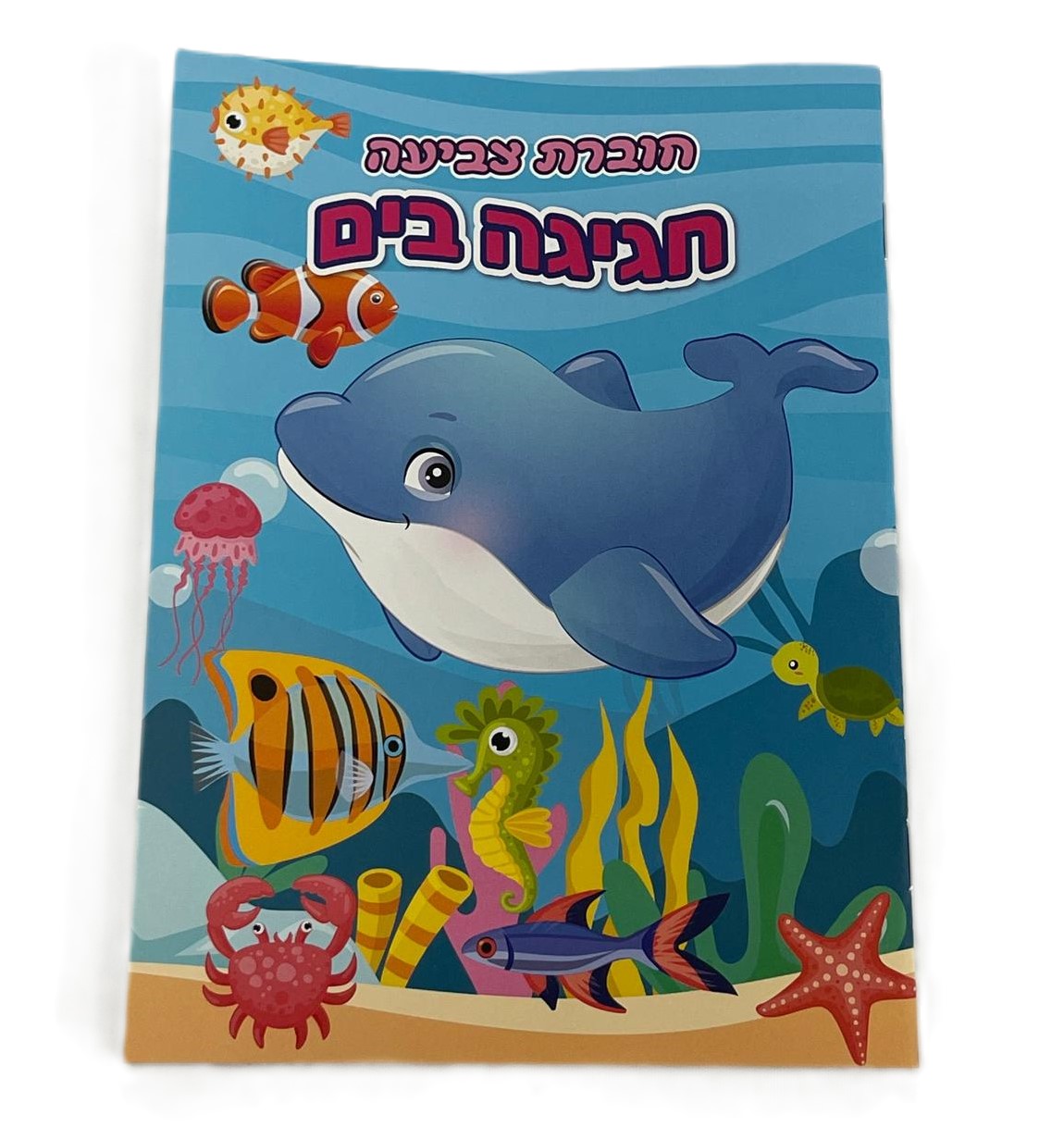Sea Celebration Colouring Book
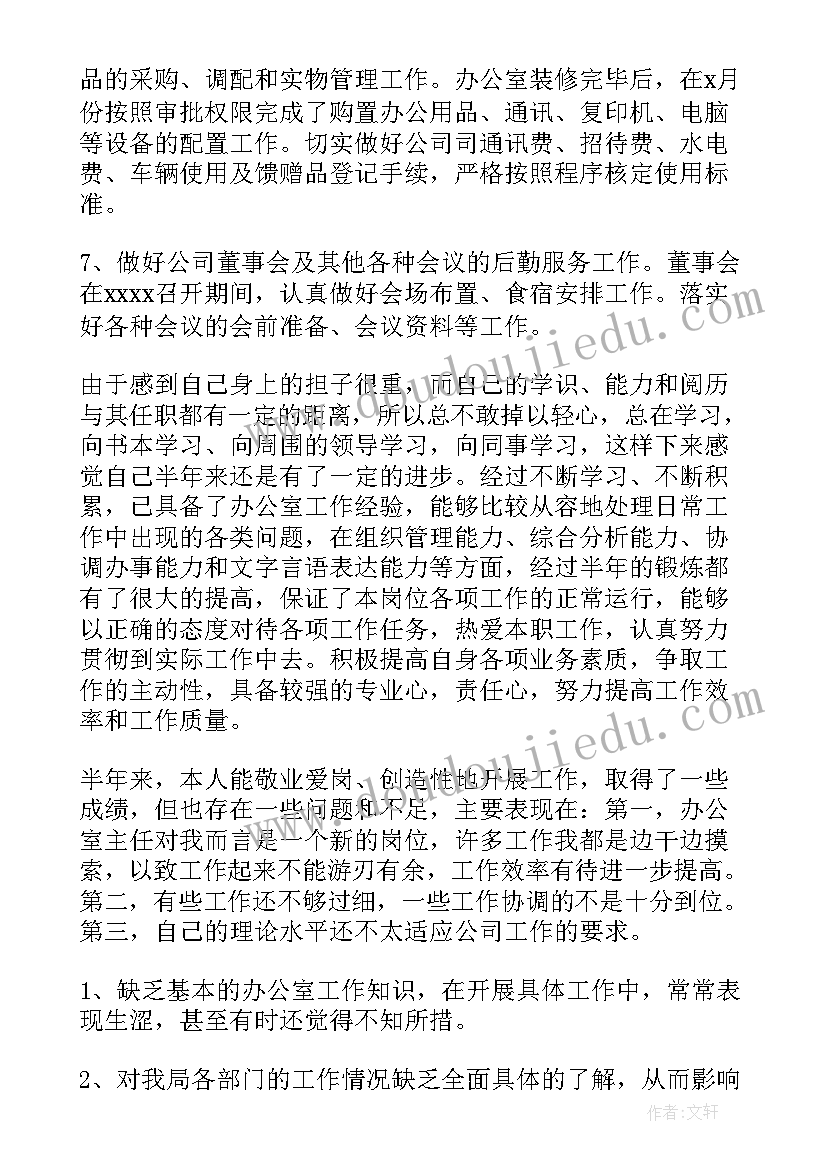 人员安置工作 新员工工作计划(汇总5篇)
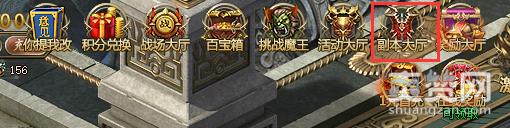 怒魂悟空传,闯天关,副本,攻略,爽赞网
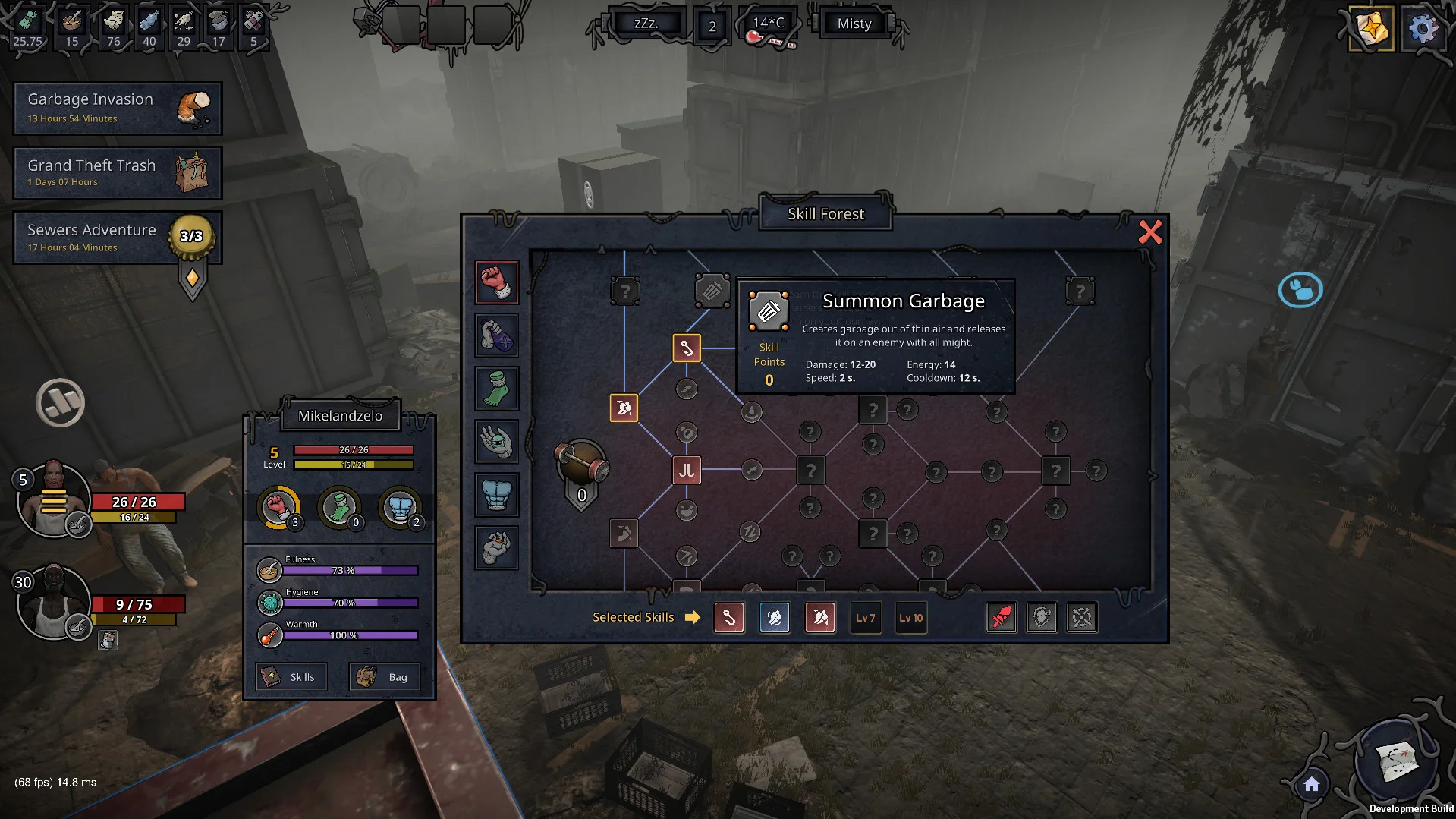 Garbage - кадр 4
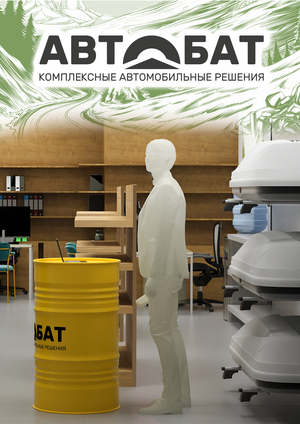 Проект-концепция.  Магазин / Шоурум / Офис для переговоров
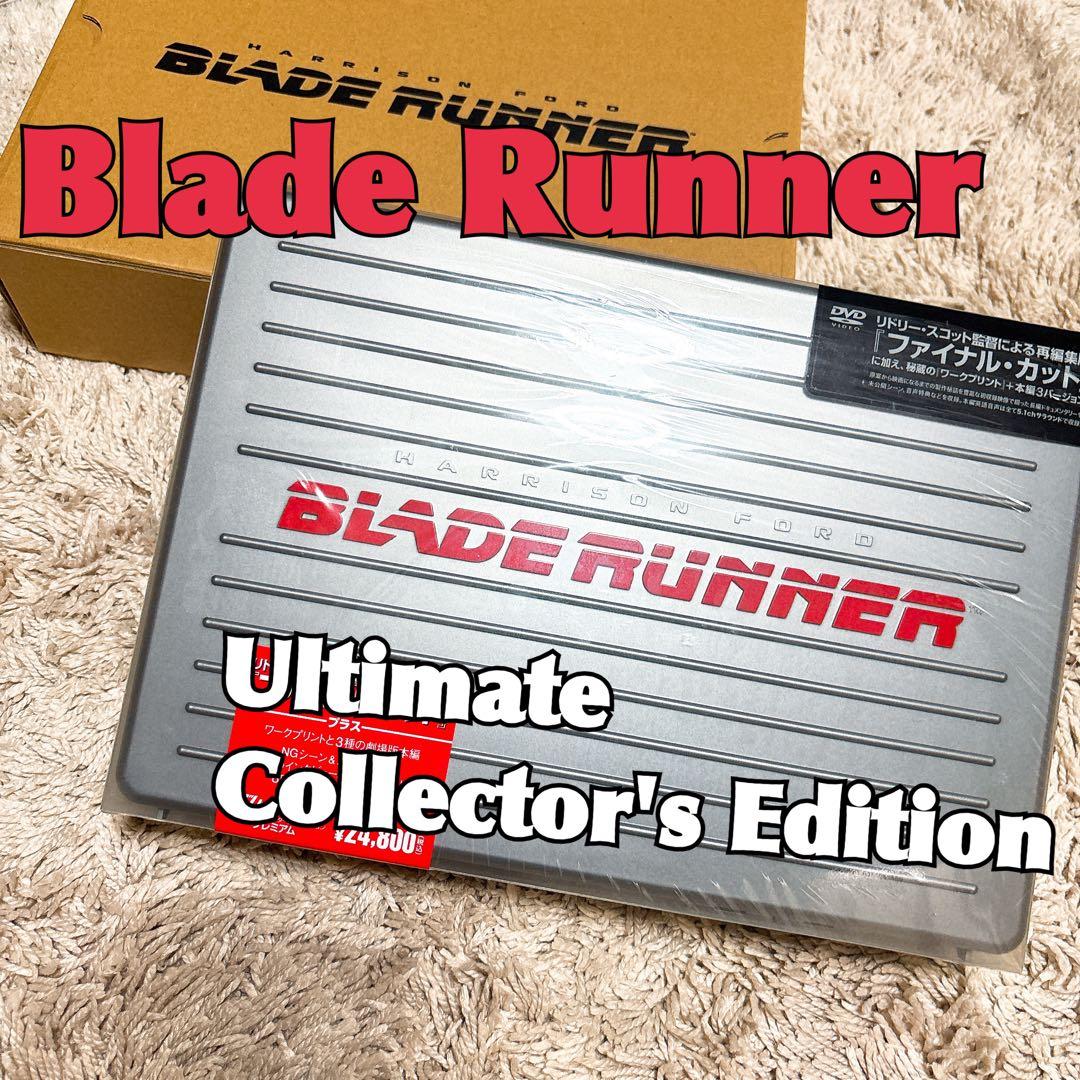《ブレードランナー 》アルティメットコレクターズエディション 極美品/輸送箱付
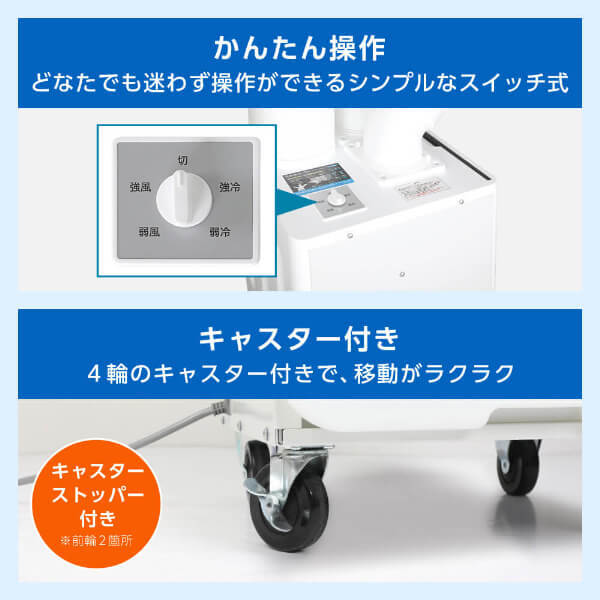MSC-ST29TH-WH MAXZEN ホワイト [業務用 スポットエアコン ツインダクト]_10
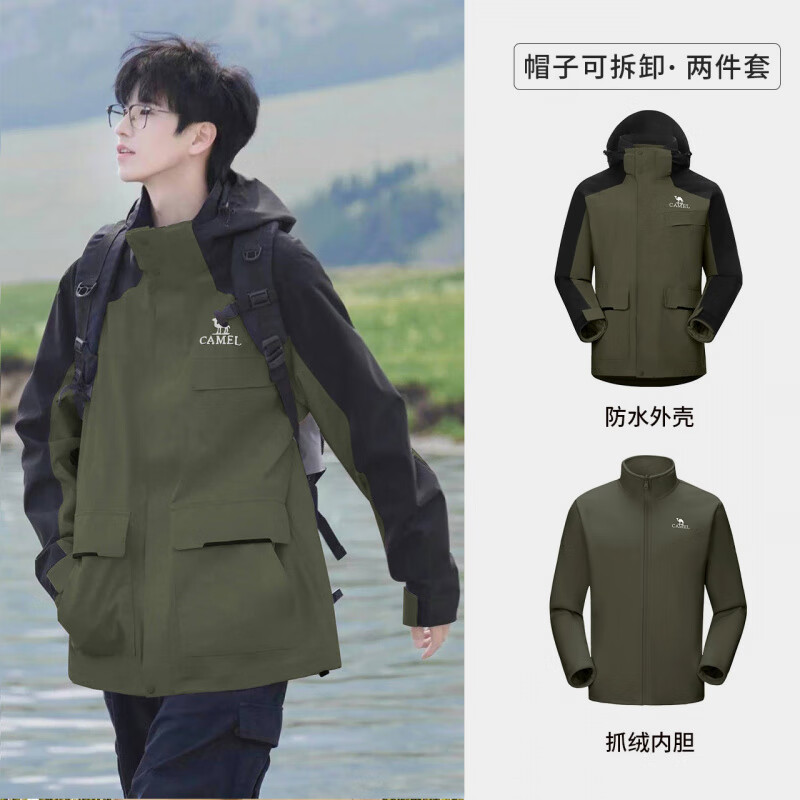 骆驼冲锋衣三合一可拆卸两件套男女情侣款外套户外防水旅游登山服 【爆风工装三合一】幻影黑/深橄榄，男款女生拍小1尺 XL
_ _ _ _ _
**Problem to solve**
The answer consists of the lines from the one holding "Офис для переговоров" to the end of the records, inclusive, restated exactly and without pictures.

**Expected output**
 Проект-концепция.  Магазин / Шоурум / Офис для переговоров
《ブレードランナー 》アルティメットコレクターズエディション 極美品/輸送箱付
MSC-ST29TH-WH MAXZEN ホワイト [業務用 スポットエアコン ツインダクト]_10
 骆驼冲锋衣三合一可拆卸两件套男女情侣款外套户外防水旅游登山服 【爆风工装三合一】幻影黑/深橄榄，男款女生拍小1尺 XL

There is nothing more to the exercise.